Problem:
Give again, character for character, the lines that lie between the first line of the material and the line with "Sweet Cookie & Pastry Line Art Deskmat", inclusive. Omit pictures.

------------------------------------------------------------

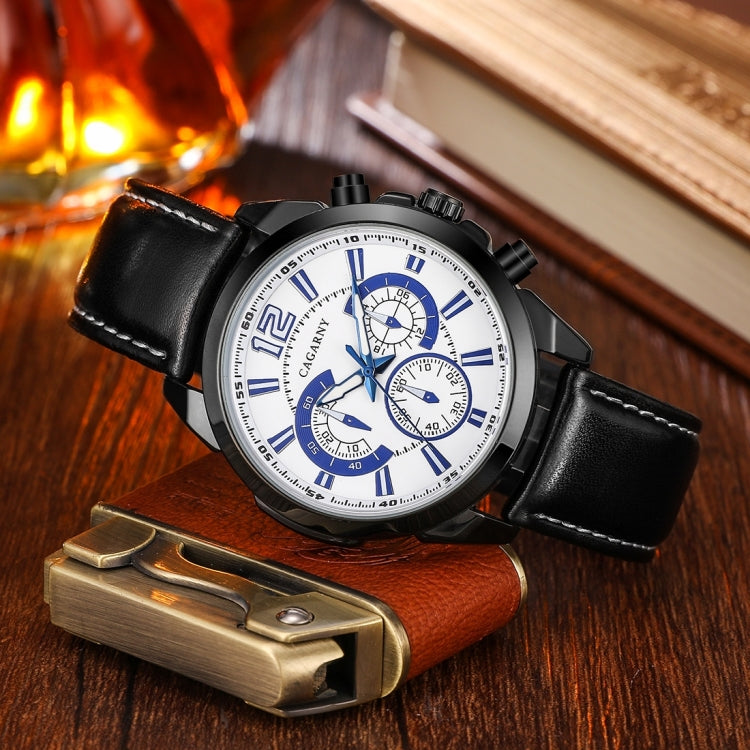 CAGARNY 6826 Fashionable  Quartz Business Sport Wrist Watch with Leather Band & 24-hour Indication & Calendar Function for Men(White Window Blue Scale)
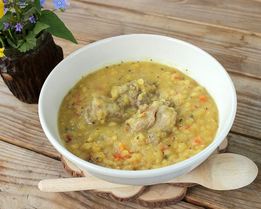 Гороховая каша с мясом в мультиварке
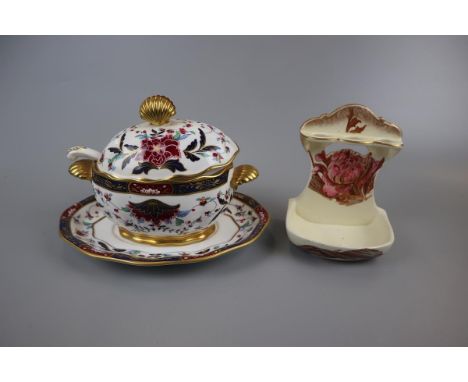 Royal Worcester tureen (from the pattern room) along with Victorian soap dish/tooth brush holder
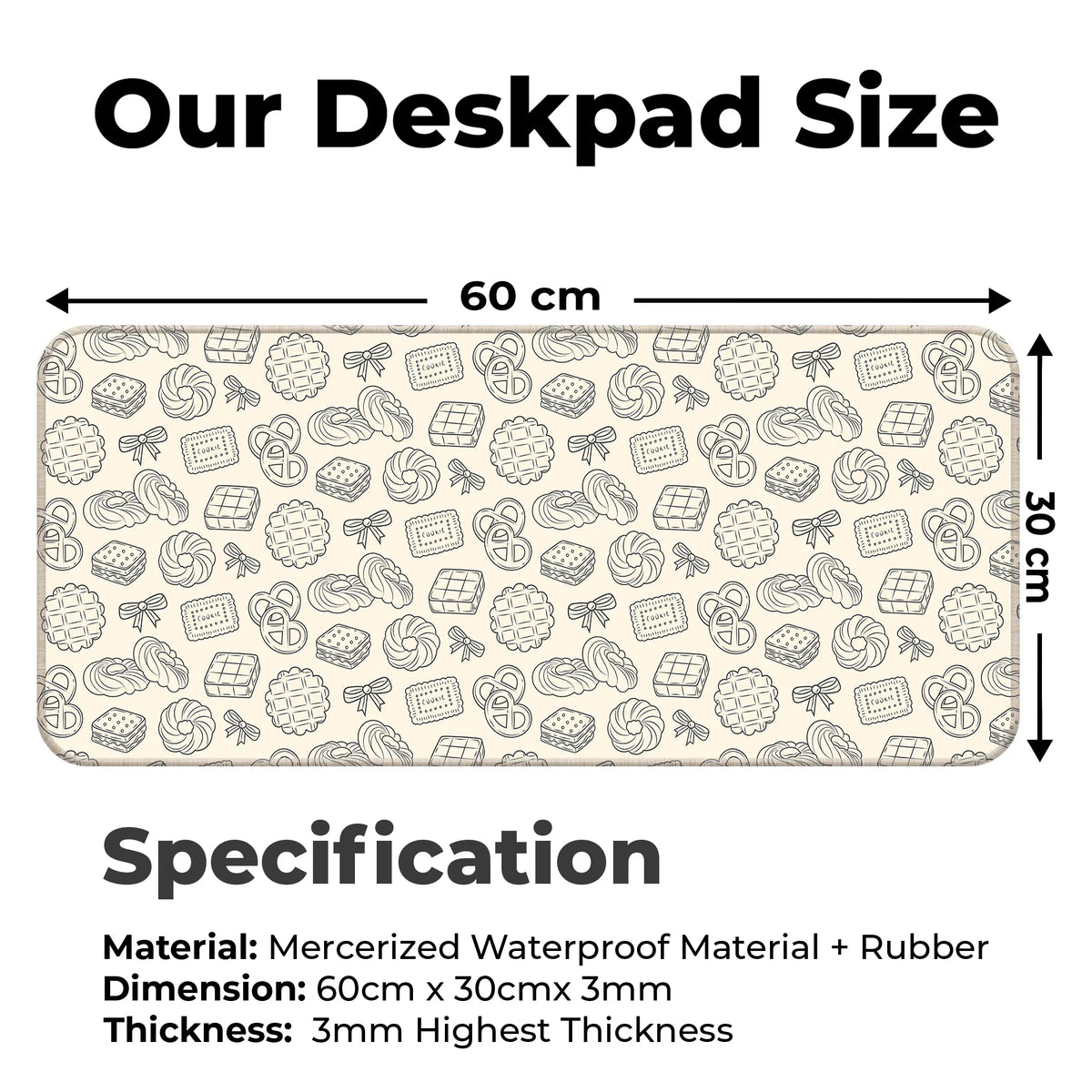 Sweet Cookie & Pastry Line Art Deskmat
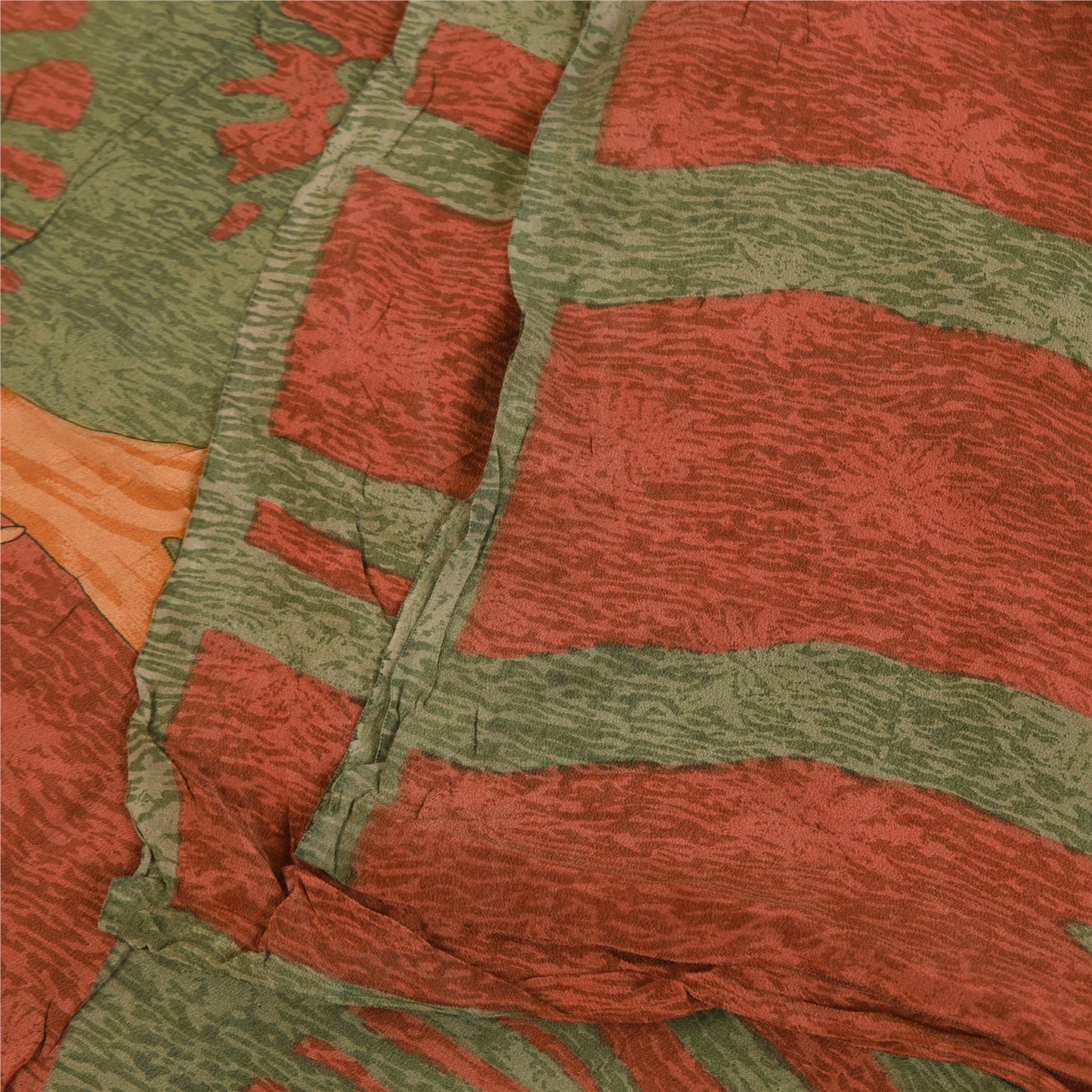 Sanskriti Vintage Sarees Orange & Green Pure Crepe Print Sari 5+yd Craft Sustainable Fabric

------------------------------------------------------------

Completed task:
 CAGARNY 6826 Fashionable  Quartz Business Sport Wrist Watch with Leather Band & 24-hour Indication & Calendar Function for Men(White Window Blue Scale)
 Гороховая каша с мясом в мультиварке
 Royal Worcester tureen (from the pattern room) along with Victorian soap dish/tooth brush holder
 Sweet Cookie & Pastry Line Art Deskmat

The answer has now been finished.